如果性转一下“梅长苏”,故事会如何发展?女版“梅长苏”和男版“霓凰”谈恋爱可能会占据故事的主要篇幅,结局大概率也不会是女主上战场送死了,而是两个人双双归隐,做一对神仙眷侣。
因此,既然“虐女”逻辑是依托于爱情幻想成立的,那解法就是跳出爱情幻想。
今年古偶的播出概况一片惨淡,唯一的黑马《墨雨云间》中,“虐女”情节指向的便是恋爱脑的破灭。女主薛芳菲在被前夫活埋后有了“复仇”这个主线任务,并由此产生了强大的人格魅力。

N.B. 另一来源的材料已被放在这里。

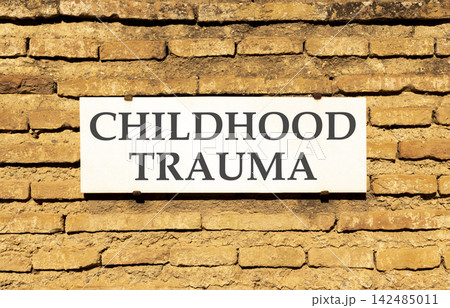 Childhood trauma words symbol. Concept words Childhood trauma on beautiful white sign plate. Beautiful brown brick wall background. Psychological childhood trauma support concept. Copy space. 142485011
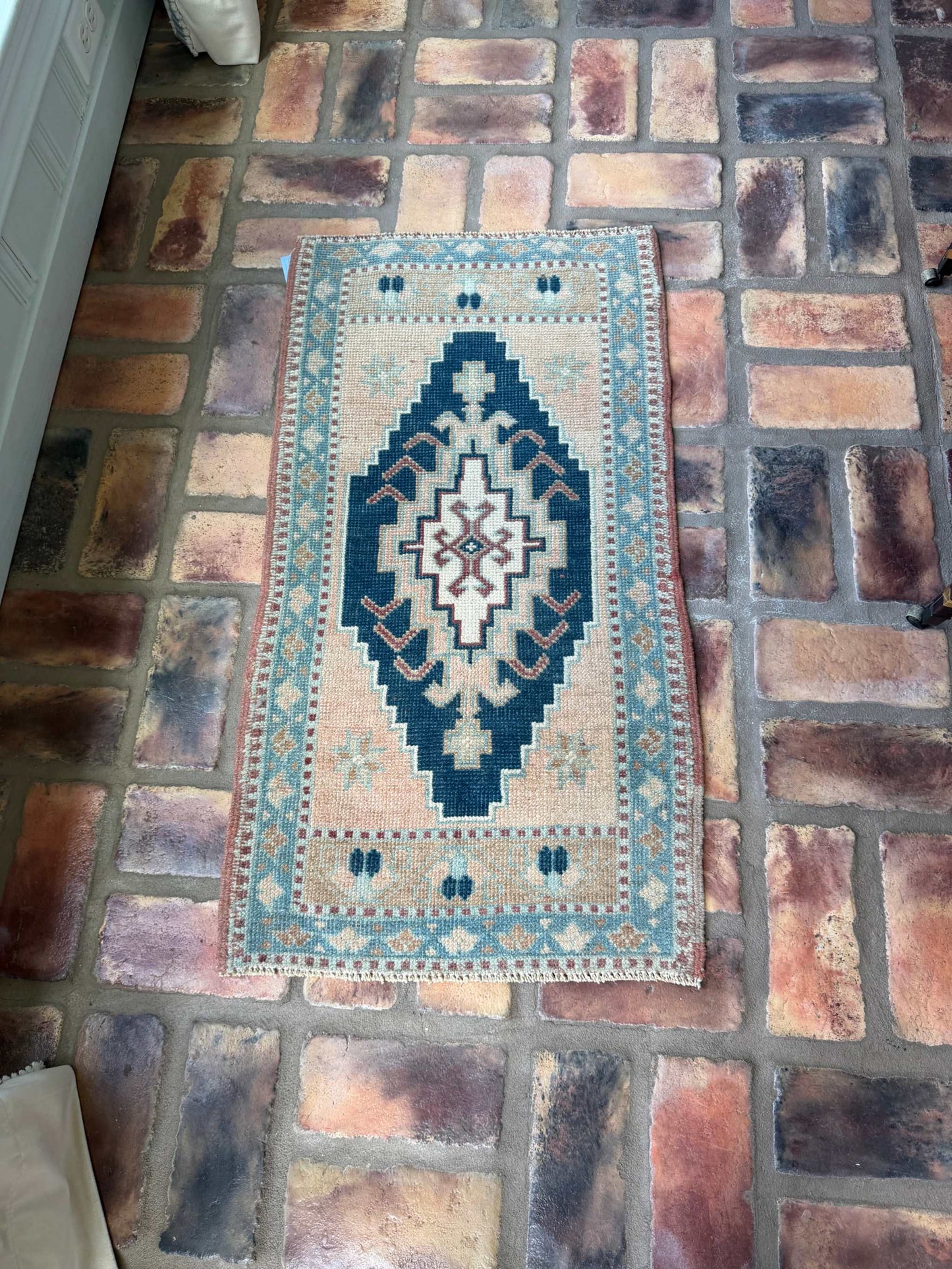 Small Turkish Rug 1'8" x 3'1" hand-knotted wool with navy, beige, and blue center medallion design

尽管剧集整体仍存在不少瑕疵,但《墨雨云间》为女性观众提供了充足的情绪价值。创作者用过去的“虐男”逻辑对“虐女”进行了重新编码,这也许是这部剧能脱颖而出的原因之一。
不仅观众在变化,部分创作者的心态也在发生改变。
2022年,晋江作者哀蓝曾在给读者的信中自述女性意识觉醒的过程,信中写到,大概是从21年年初开始,层出不穷的社会新闻、新认识的好友以及一本名为《厌女》的书,令她的思想开始发生变化。她发现自己在故事中赋予女主角的苦难毫无意义——
“因为在赋予她们苦难后,我只给予了她们‘被男人爱’的权力,没有让她们成长,也没有让她们自强,她们只是我笔下任意打扮的人偶,我爱她们,但这份爱浅薄又无知,与‘我都是为你好’没有区别......我不敢想象这些年我写了这么多本小说,看文的读者朋友们,有多少是未成年、多少刚刚步入社会,多少人会因此美化爱情里的暴力与控制。我为此感到后悔与惭愧。”
(↑哀蓝自述)
最后,哀蓝表示自己不会再写男性视角的小说,也会努力正视并改正自己的厌女情绪。
《厌女》的作者上野千鹤子在另一本书中写到,“神话,故事乃至少女漫画都是学习装置,都能教会人们什么是恋,什么是爱。”
互联网时代,影视作品无疑已成为了最深入大众的学习装置,这也意味着创作者需要更加重视,自己想传递的究竟是怎样的恋、怎样的爱。